BERT Optimization

This folder contains examples of BERT optimization using different workflows.

CPU: Optimization with PTQ for model from HF/AML
CPU: Optimization with Intel® Neural Compressor PTQ
CPU: Optimization with QAT Customized Training Loop
GPU: Optimization with CUDA/TensorRT
GPU: Optimization with TensorRT-Model-Optimizer

Go to How to run

Optimization Workflows

BERT optimization with PTQ on CPU

This workflow performs BERT optimization on CPU with ONNX Runtime PTQ. It performs the optimization pipeline:

PyTorch Model -> Onnx Model -> Transformers Optimized Onnx Model -> Quantized Onnx Model -> ONNX Runtime performance tuning

This workflow also demonstrates how to use:

Huggingface transformers to load model from model hub.
Huggingface datasets to load data from dataset hub.
Huggingface evaluate to load multi metrics from metric hub.
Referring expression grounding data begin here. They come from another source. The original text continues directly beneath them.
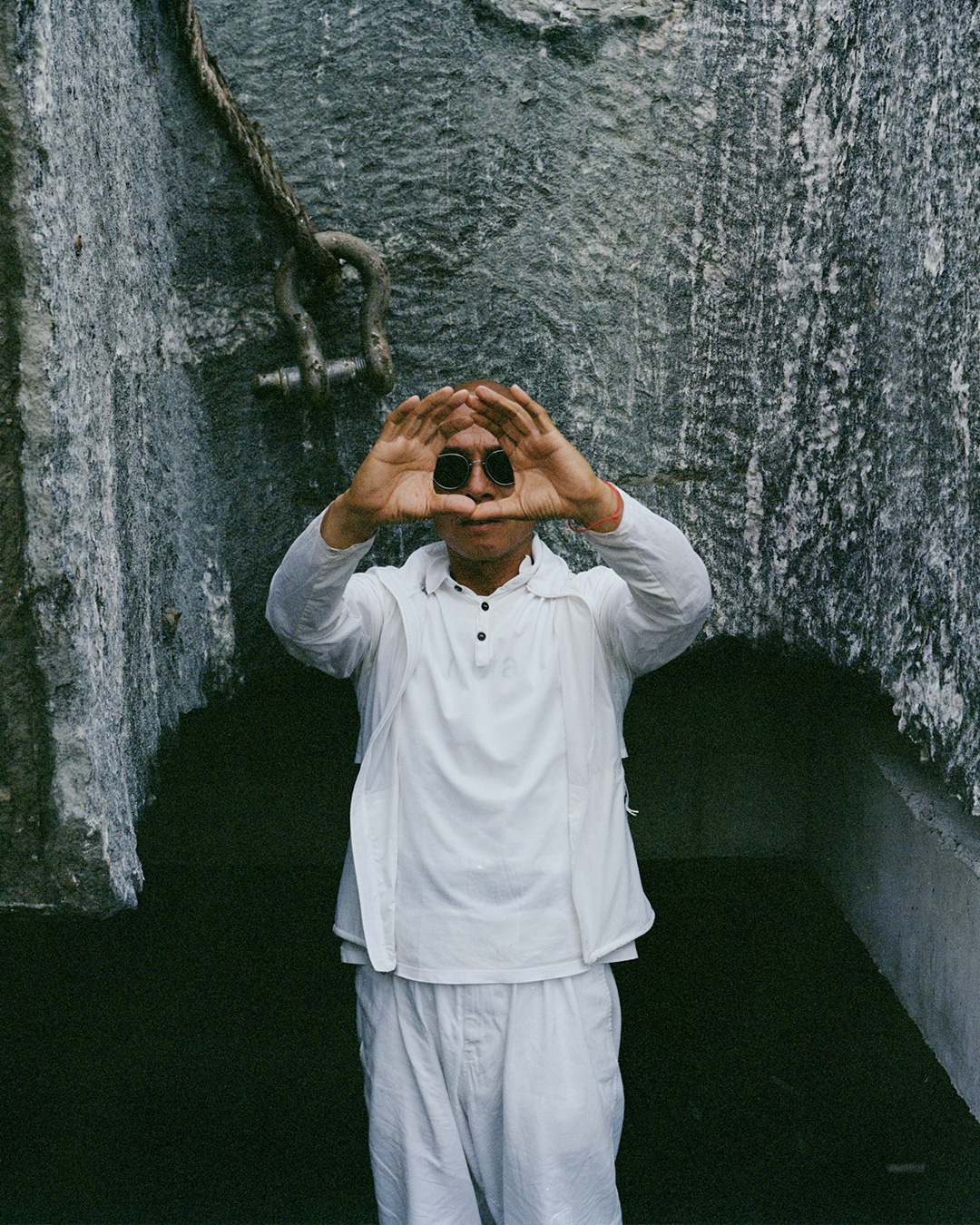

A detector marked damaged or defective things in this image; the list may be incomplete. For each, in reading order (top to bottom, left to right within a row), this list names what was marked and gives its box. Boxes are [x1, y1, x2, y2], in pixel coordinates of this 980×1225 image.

rusty metal hook [252, 233, 394, 411] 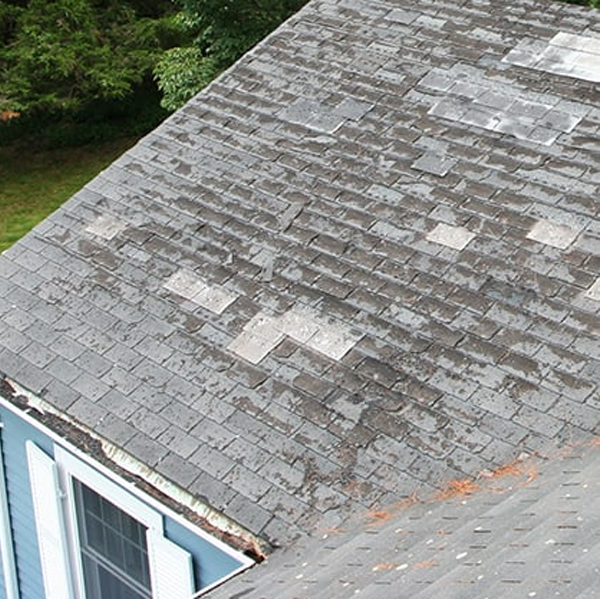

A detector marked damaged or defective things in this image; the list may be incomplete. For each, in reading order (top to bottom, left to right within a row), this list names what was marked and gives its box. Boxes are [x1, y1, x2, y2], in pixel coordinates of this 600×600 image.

missing shingle [504, 31, 600, 82]
missing shingle [85, 214, 126, 240]
missing shingle [428, 223, 476, 251]
missing shingle [524, 220, 580, 248]
missing shingle [166, 268, 239, 314]
rusted flashing [0, 376, 268, 564] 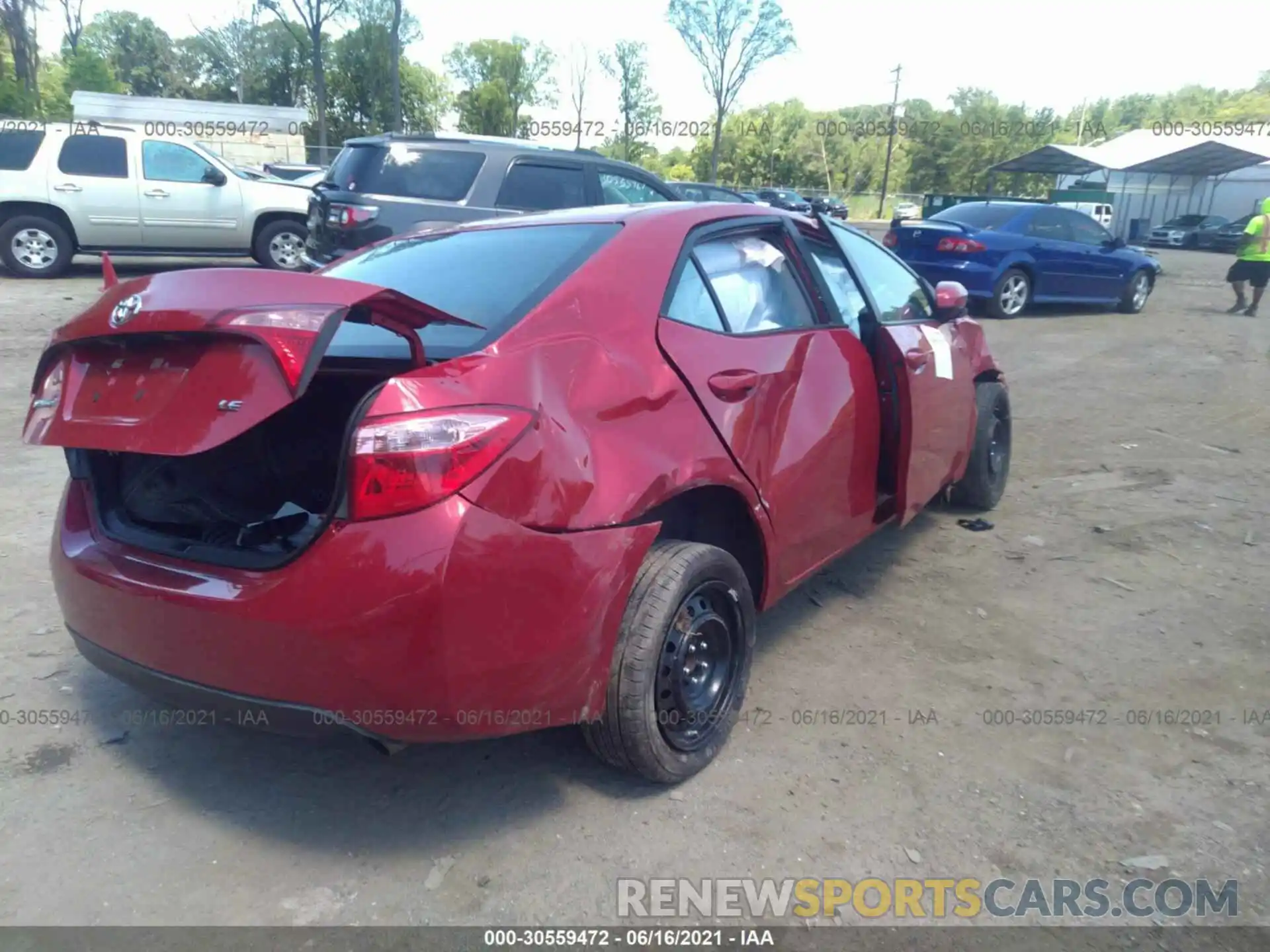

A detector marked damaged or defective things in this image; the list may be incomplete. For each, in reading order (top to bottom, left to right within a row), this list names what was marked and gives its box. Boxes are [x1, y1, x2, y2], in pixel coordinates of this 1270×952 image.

broken taillight [214, 307, 341, 391]
broken taillight [344, 405, 534, 521]
damaged red toyota corolla [22, 202, 1011, 783]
Config file: bert_ptq_cpu.json

AzureML Model Source and No Auto-tuning

The workflow in bert_ptq_cpu_aml.json is similar to the above workflow, but uses AzureML Model Source to load the model and does not perform auto-tuning. Without auto-tuning, the passes will be run with the default parameters (no search space) and the final model and metrics will be saved in the output directory.

In order to use this example, <place_holder> in the azureml_client section must be replaced with the appropriate values for your AzureML workspace.

BERT optimization with Intel® Neural Compressor PTQ on CPU

This workflow performs BERT optimization on CPU with Intel® Neural Compressor quantization tuner. It performs the optimization pipeline:

PyTorch Model -> Onnx Model -> Transformers Optimized Onnx Model -> Intel® Neural Compressor Quantized Onnx Model

Config file: bert_inc_ptq_cpu.json

Run Intel® Neural Compressor quantization with or without accuracy aware tuning

Accuracy aware tuning is one of unique features provided by Intel® Neural Compressor quantization. This feature can be used to solve accuracy loss pain points brought by applying low precision quantization and other lossy optimization methods. Intel® Neural Compressor also supports to quantize all quantizable ops without accuracy tuning, user can decide whether to tune the model accuracy or not. Please check the doc for more details.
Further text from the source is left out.